Open Studio–Design for participatory art in museums

Umeå Institute of Design United States


Concept / Student


Jiaojiao Xu


The digital age is all about expression and participation, but rarely does it happen in public institutions such as art museums. The intent of the project is to explore if new services, interactions and technology would democratize the structure of a public institution: if the creative expression from the audience would obtain attention in the institution from bottom-up and if this participation could be useful and relevant for the institution in return. In this context, the focus of “expression” is not only an individual behavior, but it starts to influence the community and challenges the mindset of art as an exclusive industry where nowadays the public has no say and comment about.

The final concept <open studio> challenges the widespread notion of authorization across most of the public institutions nowadays.
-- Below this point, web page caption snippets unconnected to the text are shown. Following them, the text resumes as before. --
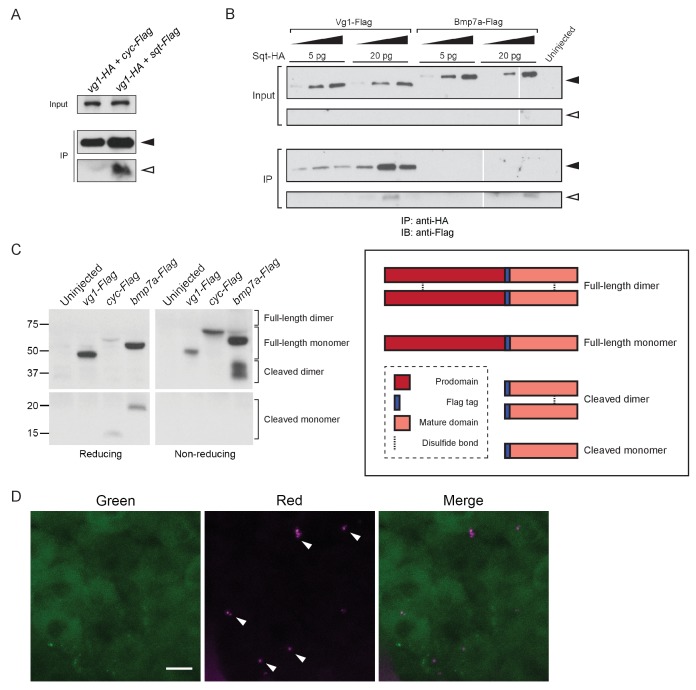 Figure 5—figure supplement 1.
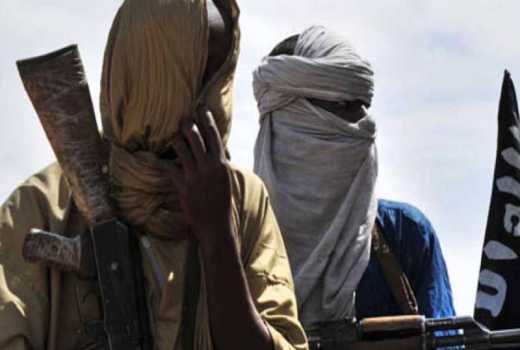 15 militants killed in anti-jihadist operation in Mali: army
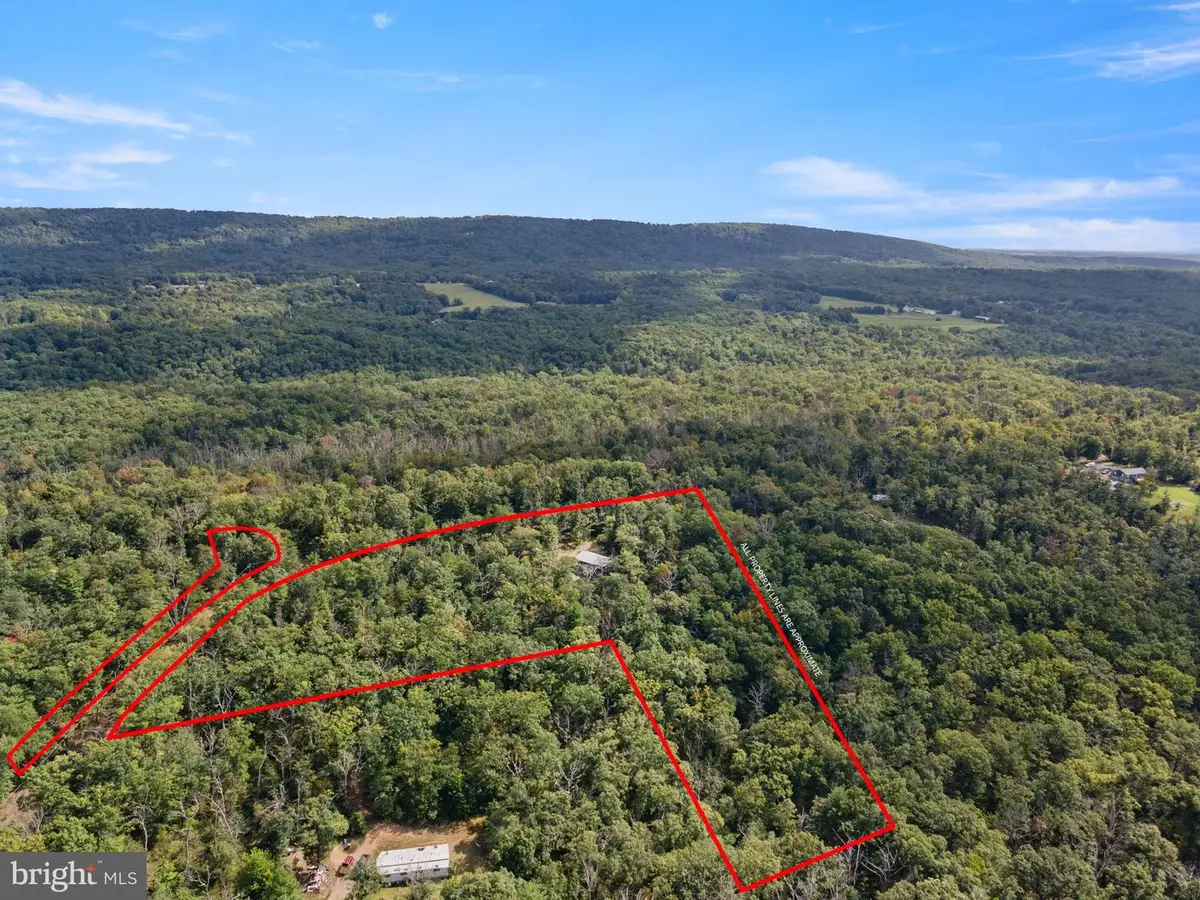 132 White Pnes, Winchester, VA 22602 - #1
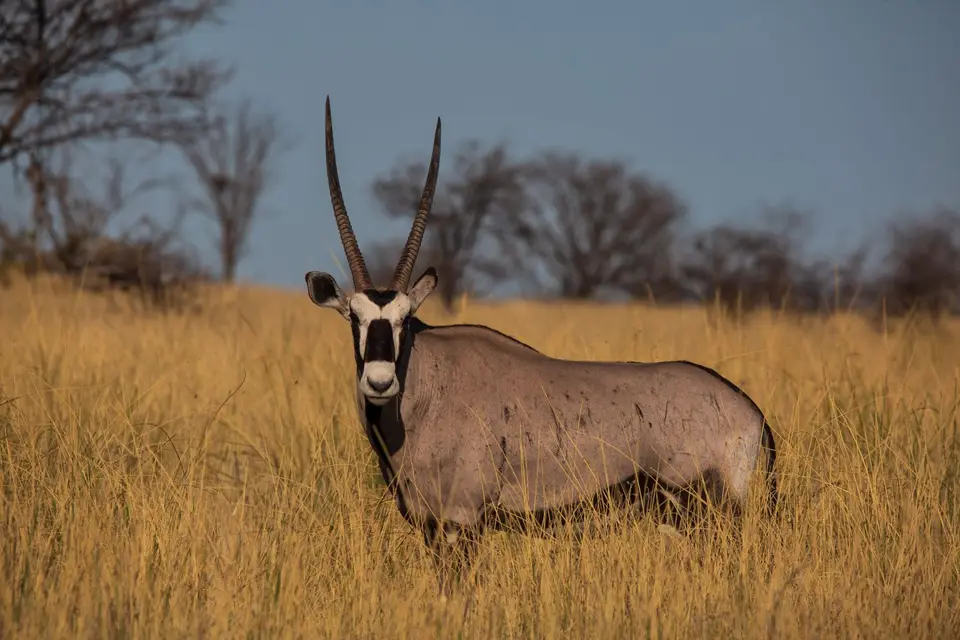 Namibia_Etosha_1060.jpg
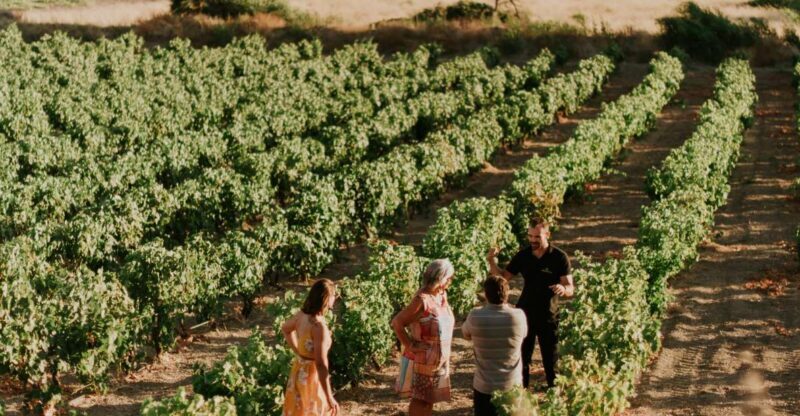 Milos Island: Kostantakis Winery Wine Tasting Experience - FAQ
It suggests a desirable direction for art museums in general to engage their audience, increases their enjoyment and encourages their creative expression by showcasing their handicrafts in a playful and democratized manner in the museum. It also offers a digital archive platform for art museums to keep track of the past programs and share the content with other art practitioners such as curators and artists, thus helping the museum to continue staying at the edge of the digital era.

One challenge in such a design space is to showcase public’s wisdom, creativity and expression that lives up to art museums’ expectation of both visual aesthetics and critical thinking. This is a huge barrier for art museums to adopt audience participation. The service uses 3D scan technology to align the visual language of the exhibition. And the notion of dropping a time capsule provokes articulation around the “de-materialization process” embedded in all physical artifacts: no matter how much conservation is done, the physical artifact will inevitably get aged, which is especially true and relevant in art industry. Hidden in the physical artifact, the dimension and experience of <time> can be easily demonstrated and played with in its digital duplication by rendering out the result of de-materialization in the years to come. This unique experience of a digital piece enhances the story of the static physical artifact and forms up a dynamic exhibition that unfolds as time passes by, which retains the visitors in the museum.